A eiabel tava falando da idéia de Utopia, né.

Bom, professor meu aí gastou salivas e horas-aula pra tentar convencer de que a interpretação fossilizada de utopia é uma farsa. Gerada em meios liberais, na época que o thomas more (morris?) inventou o troço.

Utopia é, mais ou menos, "não-lugar".

O subtítulo do livro continha algum paradoxo interno a respeito de um tratado que não é tratado, político, sobre esse lugar-nenhum.

O cara que viajou pra lá, que me esqueci o nome, tem como nome uma palavra grega que significaria algo como "contador de lorotas". Hitlodonte, sei lá, alguma coisa assim.

O livro é separado em duas partes.

Na primeira há uma longa conversa entre Thomas, um amigo que lhe apresentou o viajante, e o próprio viajante. Eles discutem a respeito de várias coisas e nunca sai um conclusão final, nem dá para saber qual ponto de vista o autor do livro estaria realmente defendendo. Uma dessas discussões é a respeito do papel do pensador na Política maiúscula, ou seja, como conselheiros de reis e essas porras todas.

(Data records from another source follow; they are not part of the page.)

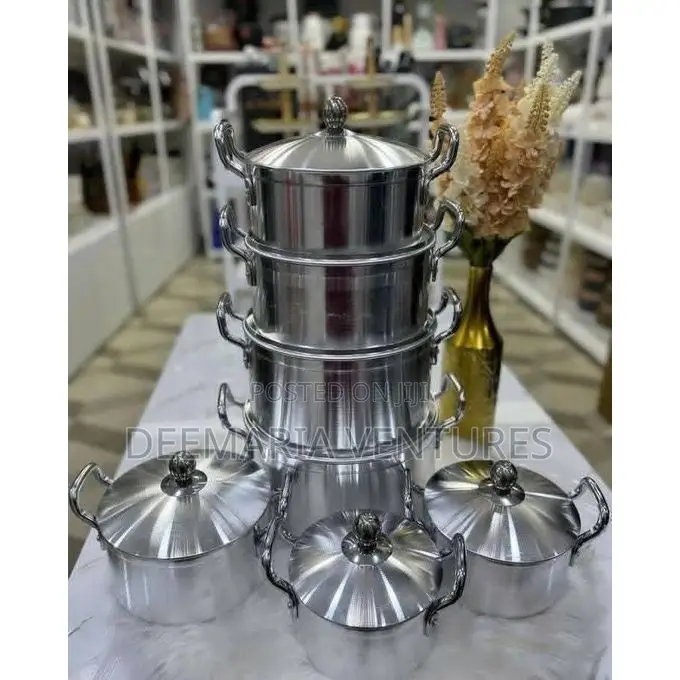 Mers Home Aluminum Quality Pots Sets (14pcs)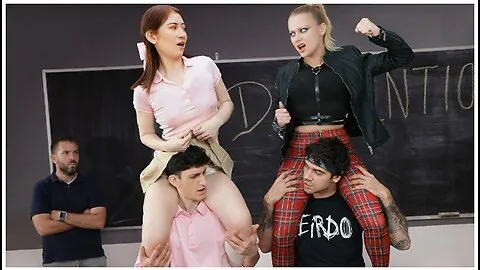 Preview supplied for Nade Nasty, Ava Davis & Paris White Lock Four Step-Siblings in Detention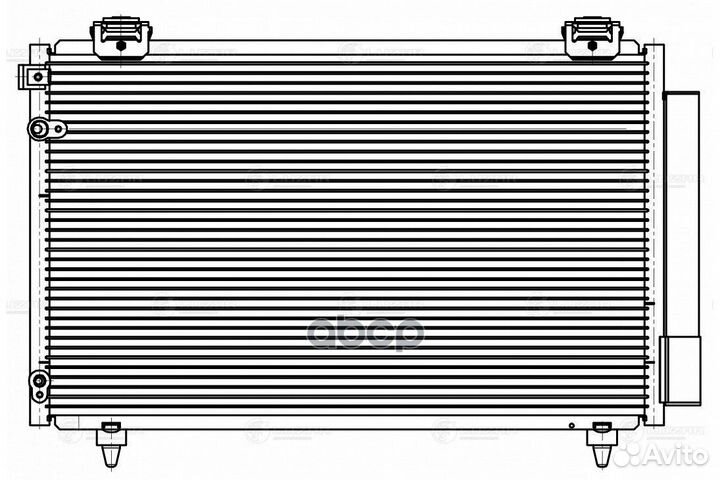 Конденсер toyota avensis 03- 1.6/1.8/2.0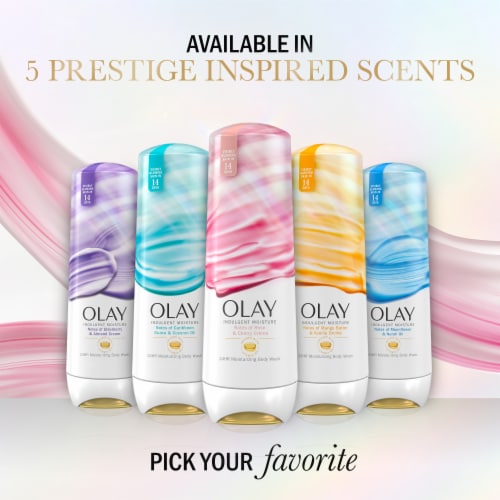 Olay Indulgent Moisture Body Wash with Rose & Cherry Crème Perspective: bottom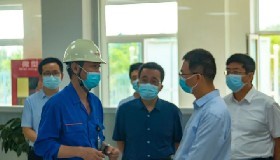張利到我公司調研督辦疫情防控復工復產工作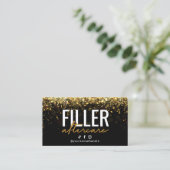 Glitter Gold Filler-nazorgkaart Visitekaartje (Staand voorkant)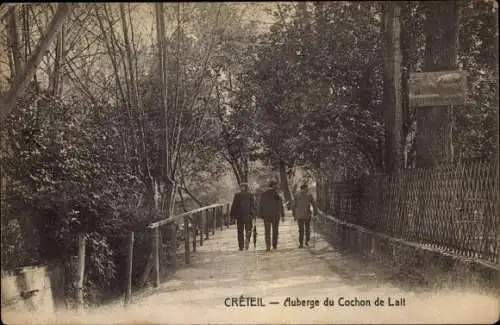 Ak Créteil Val de Marne, Auberge du Cochon de Lait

O viajante xinga e desce o farrapo na tchurma, nego é teimoso, cego, tomado pelo próprio poder, essas coisas. E a galera em volta é só um bando de mesquinho interesseiro. Tô fora. Thomas defende que ele devia relativizar um pouco e convencer-se de que seu papel na corte como conselheiro era essencial, e que se apesar de ser claramente impossível convencer o nojento grupelho de suas sábias, racionais e bem-pesadas idéias, ao menos ele podia adotar uma "estratégia oblíqua". Tipo, aconselhar os caras de esguela. rere

A estratégia apresentada é essa. Você fala coisas que aparentemente são outras coisas e que vão, tortamente, pela beirada, por baixo, pela saída ao invés da entrada, enfim, de algum jeito imperceptível acabam entrando na cabeça da galera e fazendo algum efeito pra melhorar o que tava horrível. Se não dá pra ser perfeito, ao menos faça sua parte pra não se tornar catastrófico. Seria esse o papel do sábio diante dos governos.

Tem um exemplo no primeiro livro. Em algum texto Platão conta de sua visita a um imperador na casadocarái, ele fica morando lá uns tempos e aconselhando o cara, explicando as tiuría dele, quase é morto de tanto falar asneira, sai fora e depois fica sabendo que o tal imperador transformou suas idéias num livro e numa doutrina pro próprio império. Obviamente, distorcendo tudo até gritar. Os três conversantes do primeiro livro concordam no horror dessa possibilidade, ter suas idéias transformadas em doutrina por um tirano...

E aí estão as dicas para ler o segundo livro. :)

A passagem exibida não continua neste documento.